It is daunting to attempt to write a short bio of Doyle Brunson, so as a bow to Tex Dolly’s long and epoch-making career this bio will be longer than most bios we offer.
A living legend, Brunson is one of the few men who started out playing poker with a gun in their pockets and turned it into the international, multi-million, televised celebrity sport it is nowadays. Over 74 years young, “Texas Dolly” is still one of the best players in the circuits and shows no intention of slowing down.
Doyle Brunson was born in Longworth, Texas in the middle of the Depression, a farm boy in a town of 100 souls. His athletic talent opened the door to universities across the country, and eventually he studied Education and was drafted by the NBA’s Minneapolis Lakers. But Brunson’s life took the first of many turns when a serious knee injury ended his athletic career.
Brunson had begun playing poker before his injury, and took a keener interest when he realized he would not be able to keep playing basketball. He finished his studies all the way into a Master’s degree, but life was to take another turn: according to legend, he only ever took a day job as a business machines salesman, but on his first day in the job he was invited to play in a poker game and earned over a month’s salary in three hours. The decision to take up poker full-time was not far off.

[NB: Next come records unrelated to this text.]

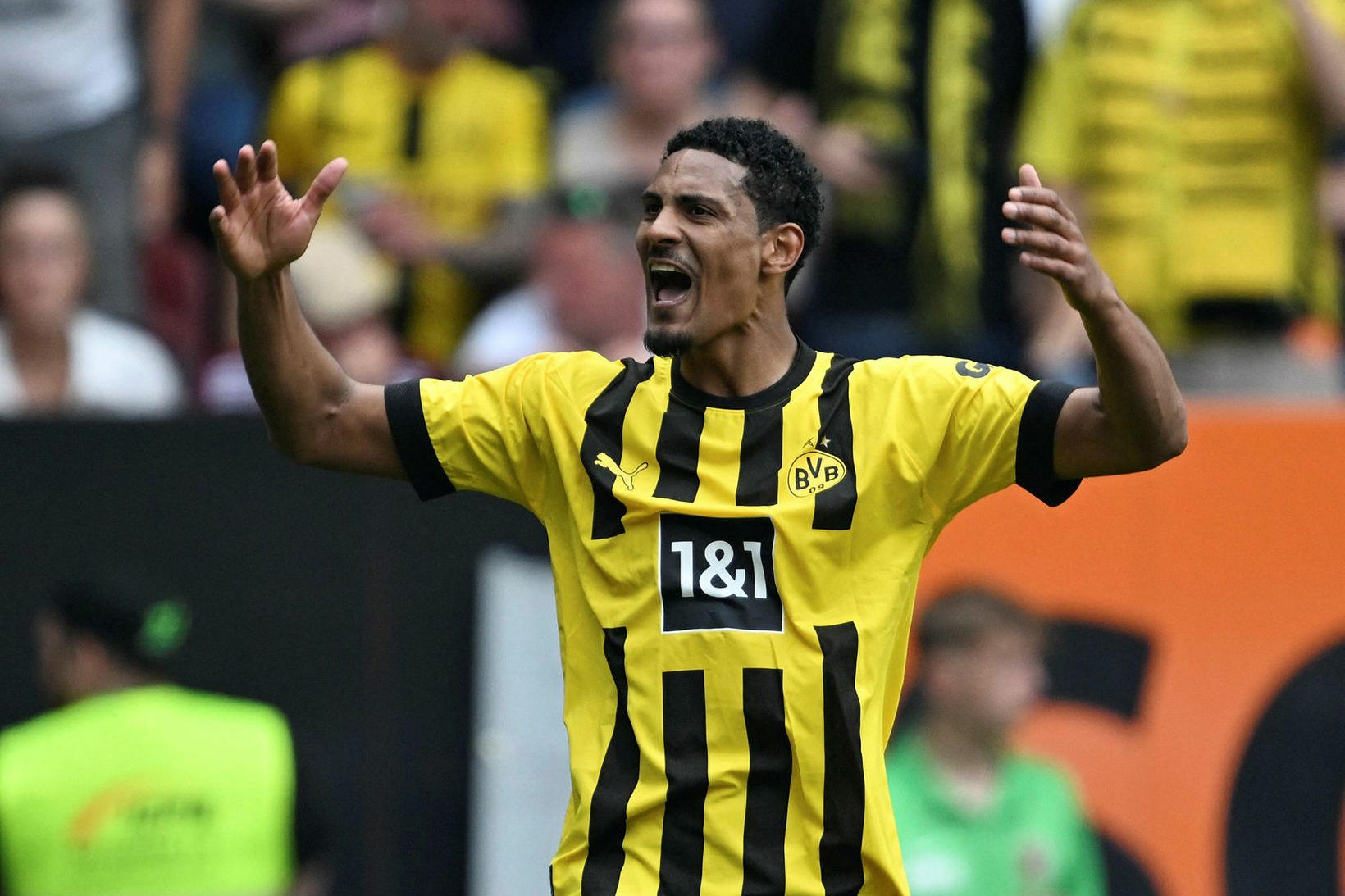 Franski framherjinn Sebastian Haller skoraði tvö fyrir Dortmund í dag.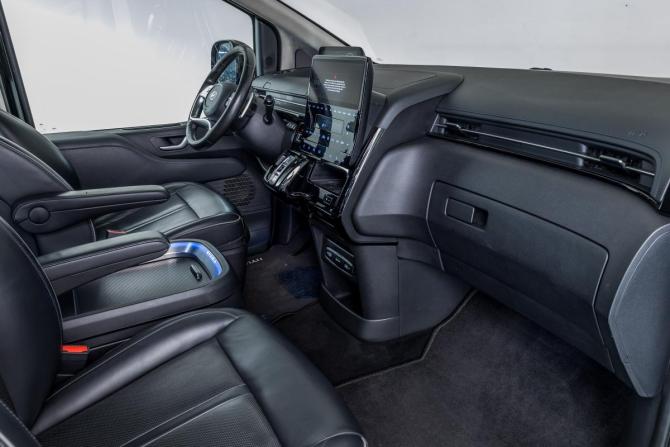 Hyundai Staria I с пробегом 2021 года, цена 4 089 000 рублей, 115000 км, минивэн, Автокод Объявления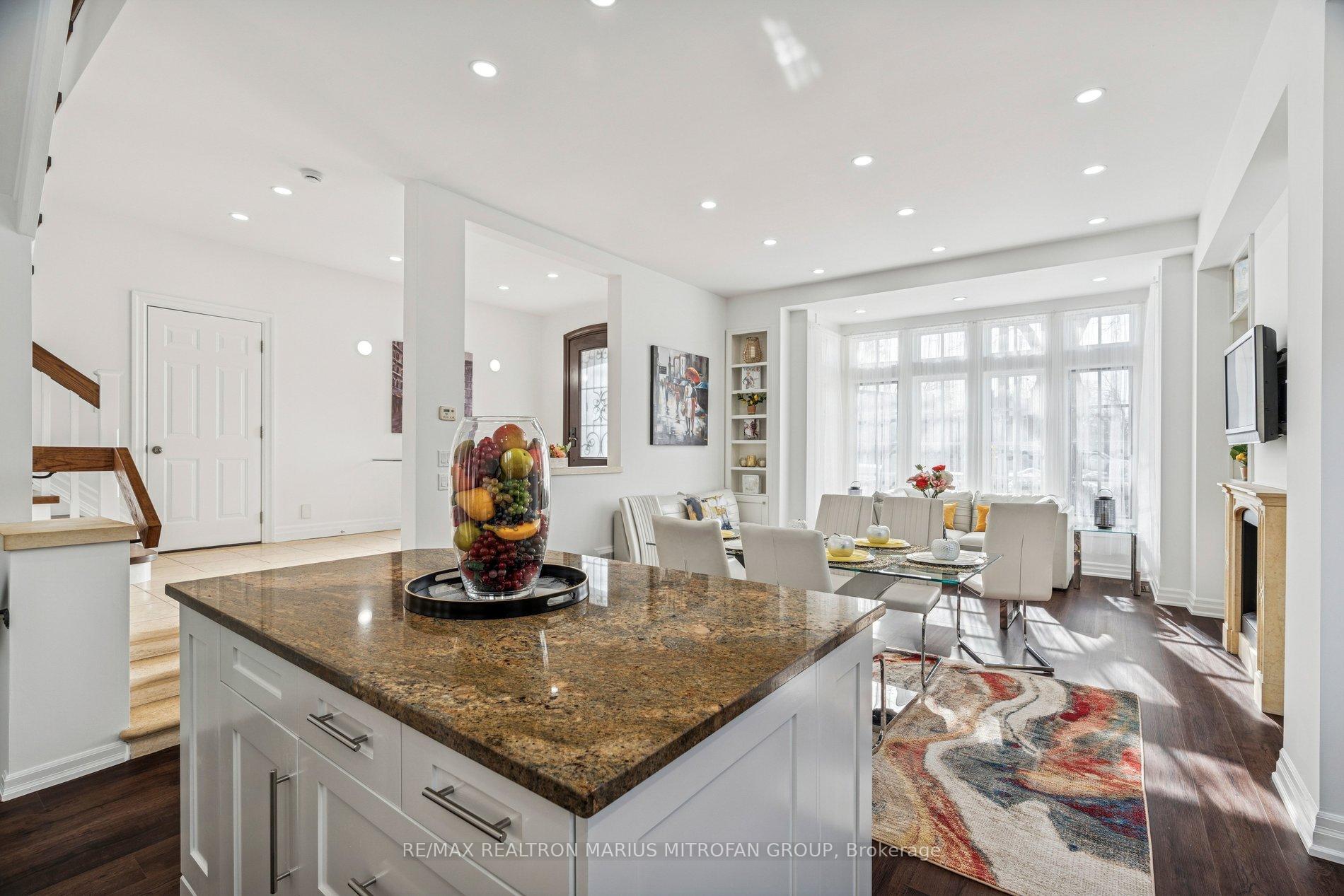Photo 15 of 7 Rollins Place, Etobicoke, Islington-City Centre West — HOMEH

Now comes the epic part: Brunson started playing seriously in Forth Worth, Texas, becoming a “rounder” in what he later claimed was “the toughest street in the world at the time”. Times were tough for a poker playing: cheating and hustling were the norm, the police was after illegal games, and robbers were out to snatch a player’s winners at gunpoint if need be. He travelled about looking for good games, trying to stay safe from both the police and the outlaws. During these years he met and became close friends with other legends such as Amarillo Slim, Sailor Roberts and Benny Binion. Eventually, he settled in Las Vegas, and the next part of the saga began.
Brunson was among the few professional players to suggest and take part in the first WSOP, and he won his first title in 1976. Winning again in 1977, he created poker history with the “Doyle Brunson” – the 10-2 hole cards which gave him the victory both years. The legend had been born.

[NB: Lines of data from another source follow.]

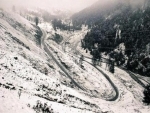 Gurez, Sonmarg receive fresh snowfall; rain lashes other parts of Kashmir
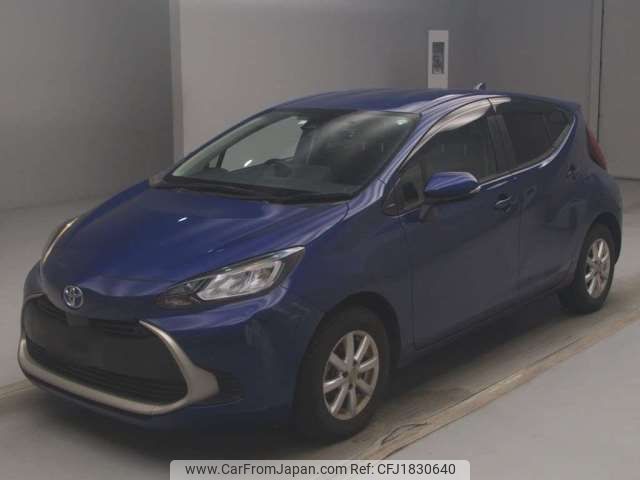 toyota aqua 2023 CFJ1830640 image 1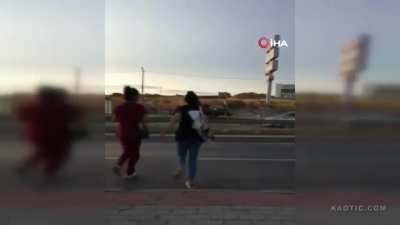 talihsiz genç kızlara otobanda araba tosluyor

With a career spanning over 4 decades, Brunson’s accomplishments are too many to mention. He became the first player to win a $1,000,000 tournament (and by now has made over $5,300,000 in tournament play.) He wrote and published what is now known as the “Poker Bible”, the best-selling book “Super System 1”, and followed it with other popular strategy books and memoirs. A consistent winner both in tournaments and the highest rolling tables, Brunson became a household name, and his online poker site DoylesRoom.com is well known and rather popular. Winner of 10 WSOP bracelets (a record only recently broken by Phil Hellmuth), he has been honored by naming the highest-staked table in Vegas and a WPT event after him.

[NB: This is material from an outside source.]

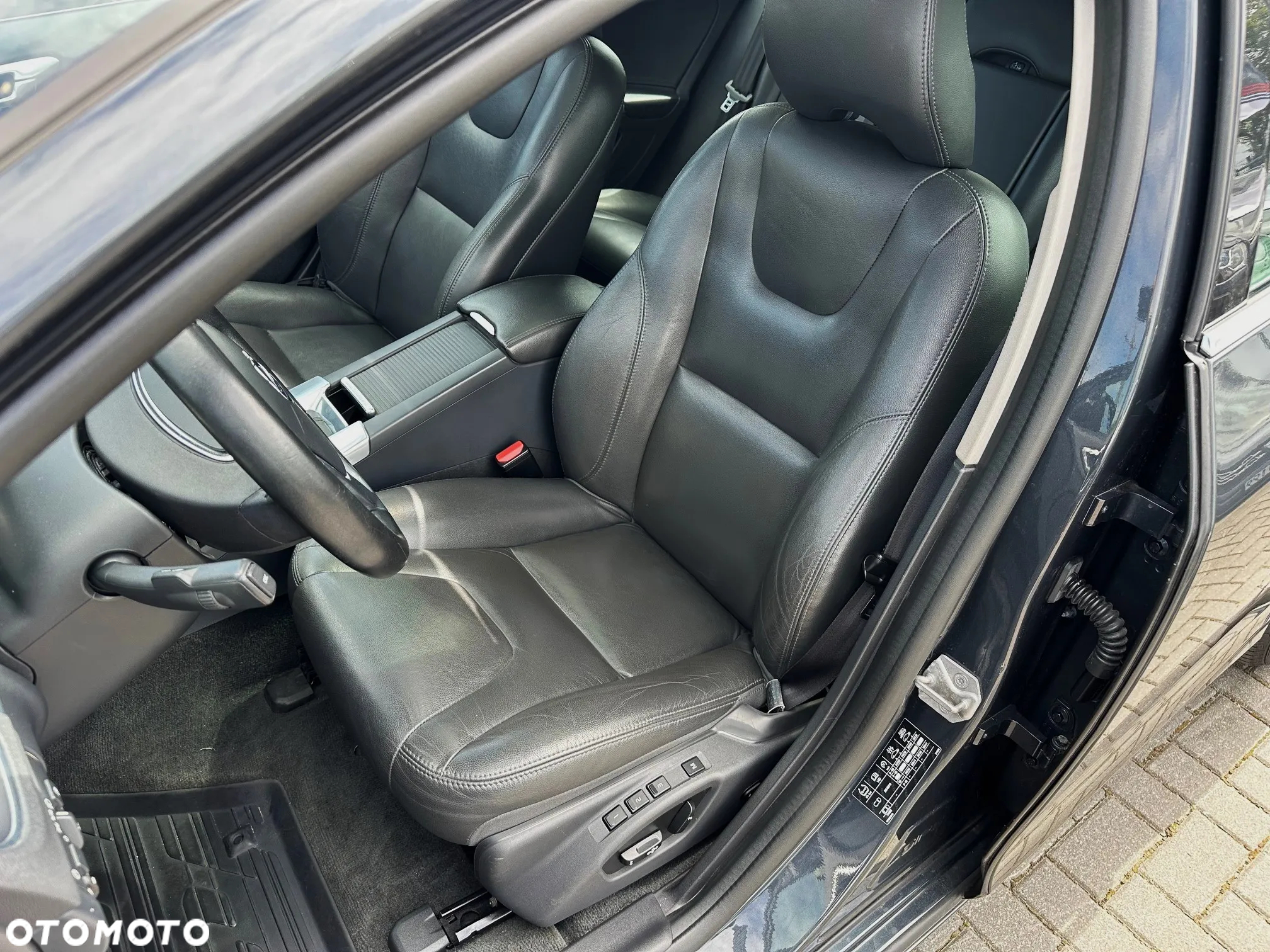 Volvo V60 D4 Geartronic Summum - 9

And yet, for a player so deeply intertwined with poker history, he remains a simple, spiritual man whose deep convictions have carried him through all this way: “I now see what the really important things in life are and they don’t relate to what I do for a living.” That depth of wisdom, more than the bracelets and the high stakes, is what makes Doyle Brunson such a powerful icon for poker around the world.
Brunson’s game analysis (by Barry Greenstein):
Aggressiveness: 5
Looseness: 4
Short-handed: 7
Limit: 7
No-limit: 8
Tournaments: 7
Side games: 8
Steam control: 7
Against weak players: 6
Against strong players: 8
Click here for Doyle Brunson’s interview with Poker News Daily.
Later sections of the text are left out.